En parallèle, le site d’Area/Cerevia de Fos-sur-Mer a évolué pour recevoir et pouvoir stocker jusqu’à 15.000 t. « C’est un vrai progrès pour l’accès logistique aux engrais. On les sécurise. On descend du blé et remonte de l’urée, de l’ammonitrate 27 et d’autres demain », se félicitait Michel Duvernois, le directeur de Bourgogne du Sud. Reste des « inquiétudes » d’autres natures : celles réglementaires que ce soit en terme d’épandage avec des contrôles de stocks en début et fin de campagne ou que ce soit en matière de "volatilisation" sur sol nu.

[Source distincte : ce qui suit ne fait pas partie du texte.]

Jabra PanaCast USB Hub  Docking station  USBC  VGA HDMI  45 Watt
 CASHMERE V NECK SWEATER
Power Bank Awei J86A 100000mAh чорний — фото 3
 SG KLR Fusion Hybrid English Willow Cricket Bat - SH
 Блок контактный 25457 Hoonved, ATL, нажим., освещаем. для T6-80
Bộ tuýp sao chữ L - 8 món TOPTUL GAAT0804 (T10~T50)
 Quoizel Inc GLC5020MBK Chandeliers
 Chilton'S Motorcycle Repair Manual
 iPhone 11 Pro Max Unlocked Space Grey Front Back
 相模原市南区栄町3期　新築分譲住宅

Les yeux rivés sur l’Ukraine






Le directeur de la coopérative, Michel Duvernois faisait un point sur les marchés économiques des céréales et oléagineux. Sur cette « petite planète », 20 à 25 % du Matif est détenu par des financiers. S’ils ne réagissent pas aux mêmes signaux, les fondamentaux restent importants pour eux aussi. La consommation de céréales est toujours en hausse dans le monde. Par contre, la production mondiale varie « énormément ». Après un décrochage et de la production et des stocks en 2012, en 2013, ces derniers se sont reconstitués « surtout en maïs qui guide le marché » général. Avec seulement 15 millions de tonnes d’écart entre consommation et production de blé au 23 mai, « l’inconnue Ukraine/Russie fixera le prix de l’année ». Sans oublier non plus les conséquences attendues d’El niño dans l’hémisphère sud.



Sur le marché maïs, à nouveau « le vrai sujet est l’Ukraine qui a semé normalement mais avec une monnaie dévaluée, les agriculteurs n’ont plus d’argent pour les engrais ou traitements ». L’impact pourrait abaisser leur production de 20 %, libérant des marchés, notamment au nord de l’Afrique ou en Egypte.


Enfin sur le marché des oléagineux, avec des départs à 400 €/t colza en 2013, la Chine tire toujours le marché - en important 70 millions de tonnes – mais avec une production mondiale en hausse. Les tourteaux devraient « baisser normalement cette année ».